Jackson-Williams' dormlike hideaway opened four years ago as a
five-day shelter for runaways. The youngsters coming through in recent
months, however, have begun to look different. They arrive in
handcuffs, escorted by police, and talk about "boyfriends" who protect
them on the street, buy them fancy clothes, pay for manicures. They
wear Spruce Street's lumpy, institutional sweat suits while waiting for
authorities to arrange their next stop, but leave sporting high heels
and skimpy blouses.
"We have no idea what to do with these kids," said Maggie Faust,
a supervisor there who sees the same children month after month. "How
do you help them?
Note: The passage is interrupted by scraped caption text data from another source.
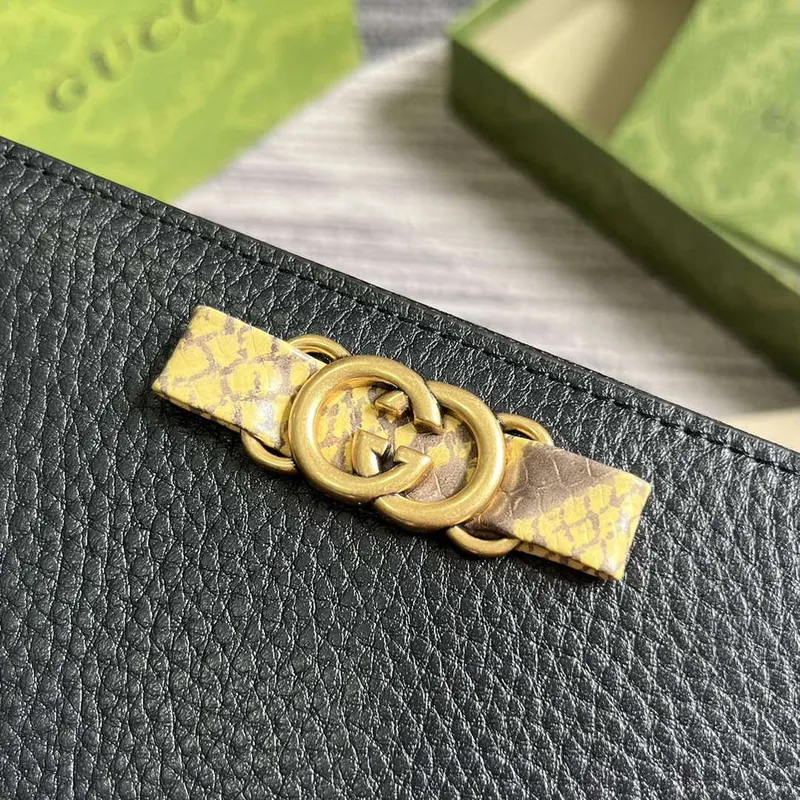 Gucci 750458 Zip wallet with Interlocking G python bow Black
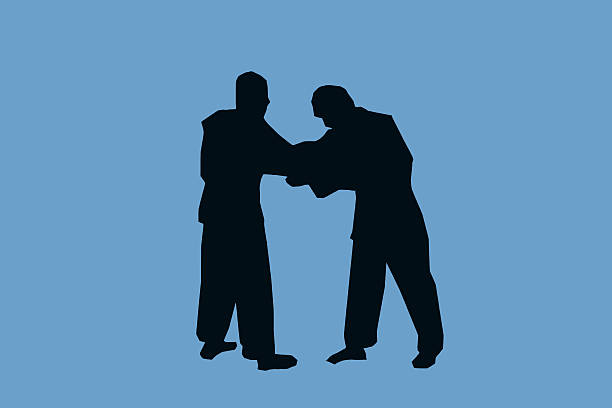 very vivid display, two men wrestling with each other, in a sizzling, University of Science and Technology Beijing gymnasium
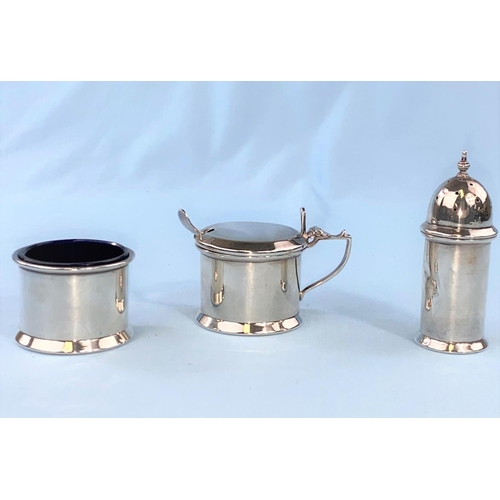 504 - A three piece hallmarked silver cruet set with blue glass liner, salt, pepper and mustard Birmingham... 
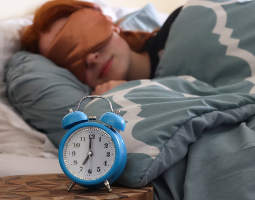Alarm clock showing the time on a bedside table as a person sleeps in the background wearing a sleep mask.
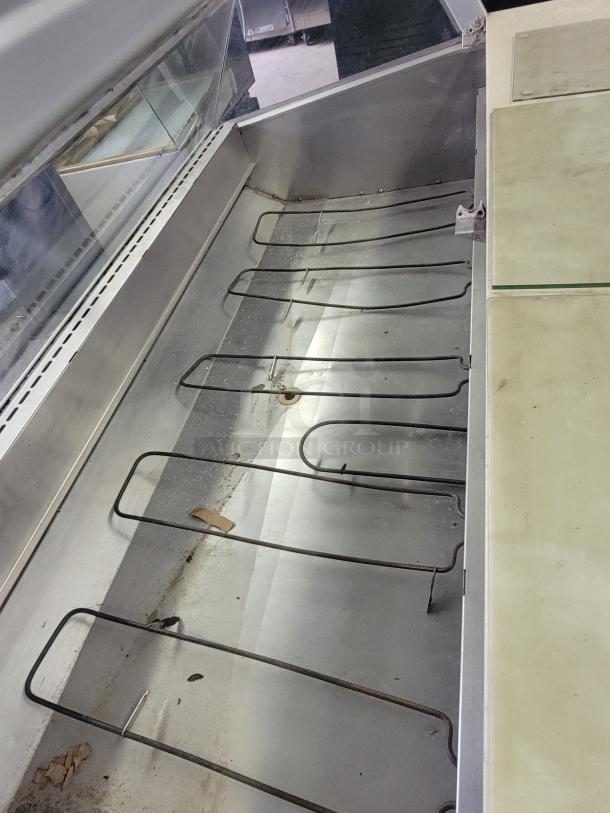 Federal SGRHD hot food display case, metal interior, glass front, for delis. Used condition, visible racks and dirt.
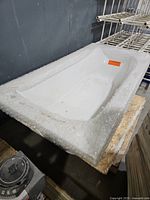 Top angled view showing overall bathtub shape and protective wrap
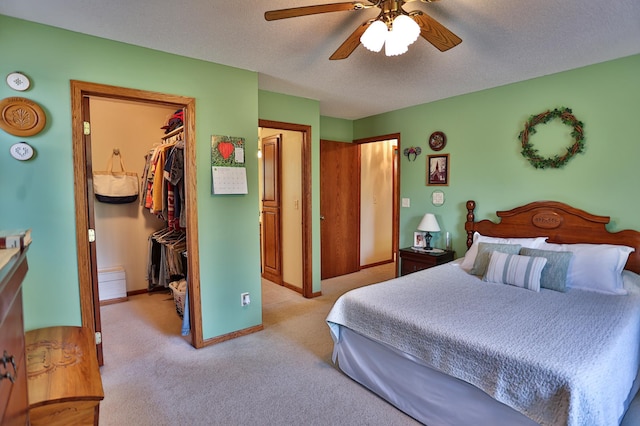 127 County Rd W, Pleasant Valley Twp, WI 54022 - bedroom featuring a spacious closet, a closet, light colored carpet, baseboards, and a ceiling fan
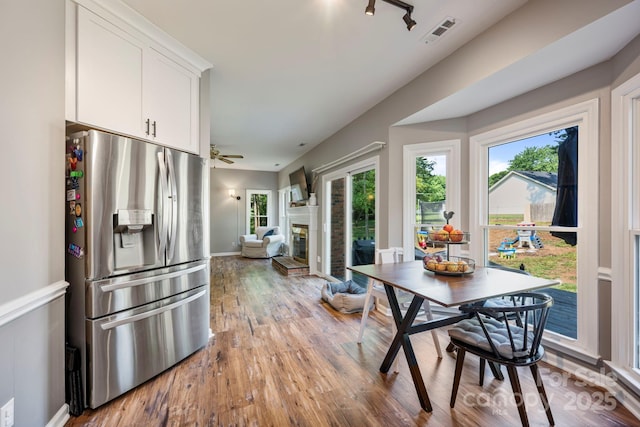 1045 Fairway Ridge Rd NW, Concord, NC 28027 - dining room with wood finished floors, plenty of natural light, a glass covered fireplace, and ceiling fan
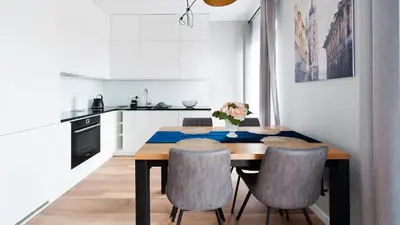 a kitchen and dining room with a wooden table and chairs at Novum City Center, Sun & Snow in Kraków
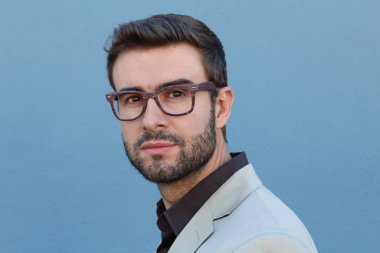 Duvarın önündeki yakışıklı sakallı adamın yakın plan portresi.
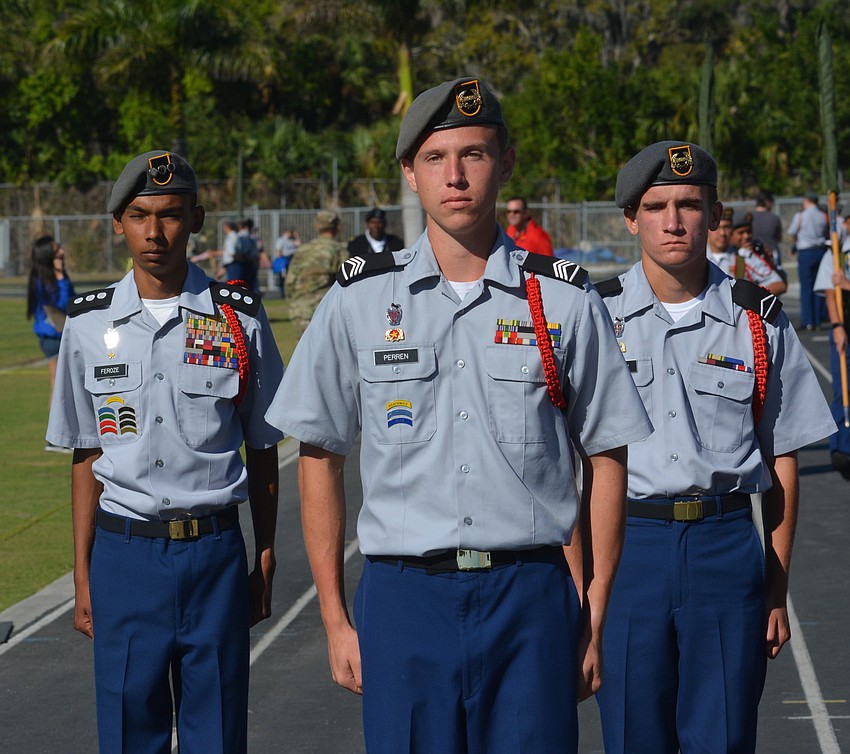 Commander Michael Perren leads the Unarmed Squad into its drill.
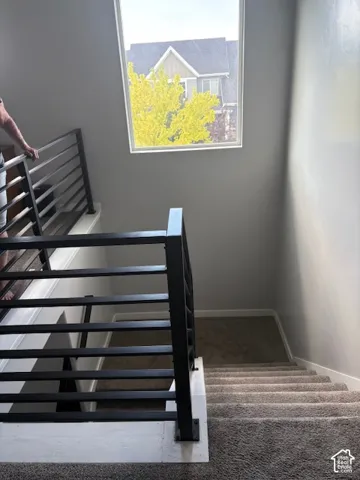 Modern black metal stair railing with horizontal balusters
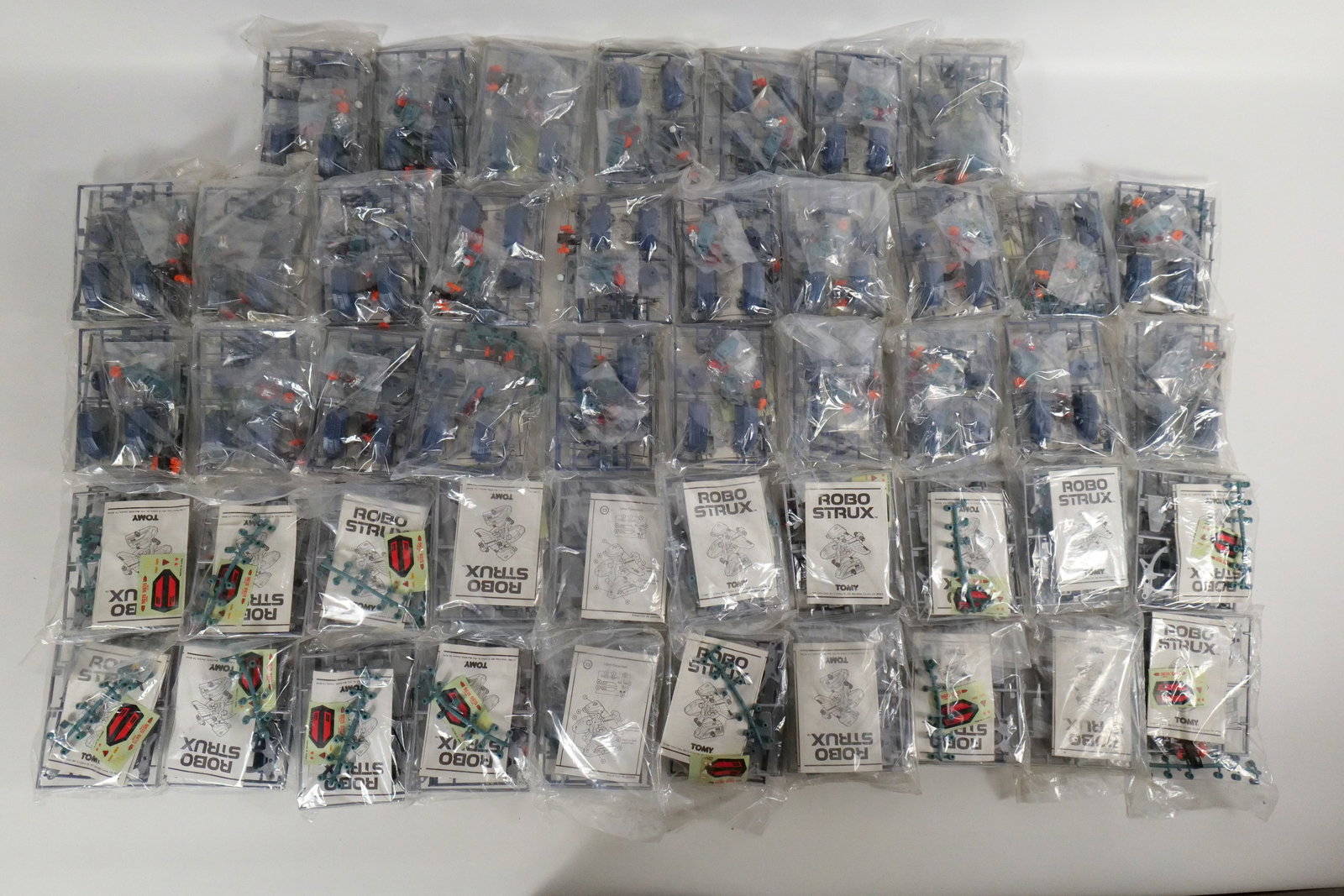 Tomy Robostrux Special Edition - 48 Pieces: Case Lot of Tomy Robostrux Special Edition Toys. Contains 48 Pieces. Sealed. New Old Stock. Removed from original case and put into box lot. All invoices must be paid within 24 hours of the sale. We o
How do you get a kid out of prostitution? We're
needing to stop this cycle."
Despite Seattle's extensive network of services for youths --
programs for homeless kids, drug-addicted kids, gay, lesbian and
transgender kids -- the 15-bed Spruce Street center is the only place,
other than a jail cell, where children trapped in prostitution can find
respite, albeit brief. There is nothing in the city, nor even
Washington state, dedicated to helping young people permanently free
themselves from sex work.
'In love with their pimp'
Last year, the state Department of Social and Health Services
found that 1,040 foster children -- 7 percent of all children under
state care -- had run away and were likely to do so again. Most were
teenage girls, and the department acknowledged their numbers likely
represented "a significant undercount." Researchers estimate that
nationally, one out of every three kids on the streets will be
solicited for sex.
Often, a man presenting himself as a caring protector is the
first. He flatters and befriends the youth, paying for food, clothes
and a place to stay until she is easy prey -- financially indebted and
emotionally tied.
For Alisha, the trail began in Phoenix, where she was living
unhappily at her father's home. Within days of meeting Smith, he had
persuaded her to work as a prostitute -- it was for both of them, he
said -- and the two traveled to Seattle last January.
Eight months later Alisha landed at Spruce Street, her front
teeth broken from the time Smith smashed her in the face, a cigarette
burn ground into one of her graceful, beautifully manicured hands.
She described her workaday routine blandly, as if quoting the
price of chicken at a supermarket; then, with equal candor, rattled off
her hopes for the future.
"Tap dancing is what I want to do," Alisha said. "I also want to
be a rapper. I want to be a senator. I want to be all kinds of things.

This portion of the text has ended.